Nerfels: Renderable Neural Codes for Improved Camera Pose Estimation
This work addresses camera pose estimation for computer vision applications, offering an incremental improvement by enhancing existing pose estimators with a novel scene representation.
The paper tackles camera pose estimation by combining keypoint-based optimization with an invertible neural rendering mechanism using Nerfels, a locally dense but globally sparse 3D scene representation, resulting in improved performance on ScanNet for wide camera baseline scenarios.

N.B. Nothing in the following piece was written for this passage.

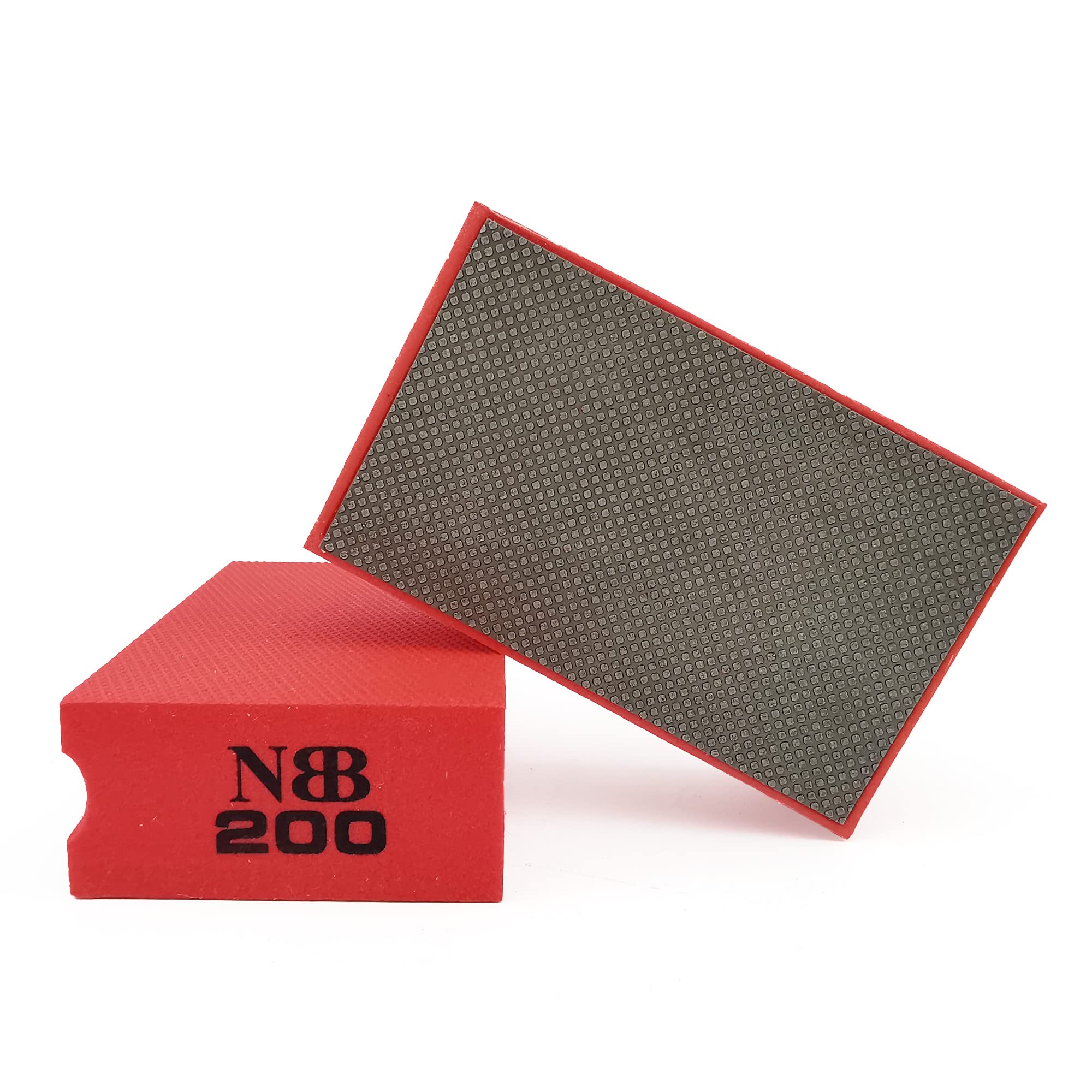 NBB Diamond Sanding/Polishing Pad Diamond Hand Buffing Pad Sanding Block with Foam Sponge Backing for Buffing and Grinding Sharp Edges and Plane of Granite Marble Stone Glass Ceramic (1, 200#)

This paper presents a framework that combines traditional keypoint-based camera pose optimization with an invertible neural rendering mechanism. Our proposed 3D scene representation, Nerfels, is locally dense yet globally sparse. As opposed to existing invertible neural rendering systems which overfit a model to the entire scene, we adopt a feature-driven approach for representing scene-agnostic, local 3D patches with renderable codes. By modelling a scene only where local features are detected, our framework effectively generalizes to unseen local regions in the scene via an optimizable code conditioning mechanism in the neural renderer, all while maintaining the low memory footprint of a sparse 3D map representation. Our model can be incorporated to existing state-of-the-art hand-crafted and learned local feature pose estimators, yielding improved performance when evaluating on ScanNet for wide camera baseline scenarios.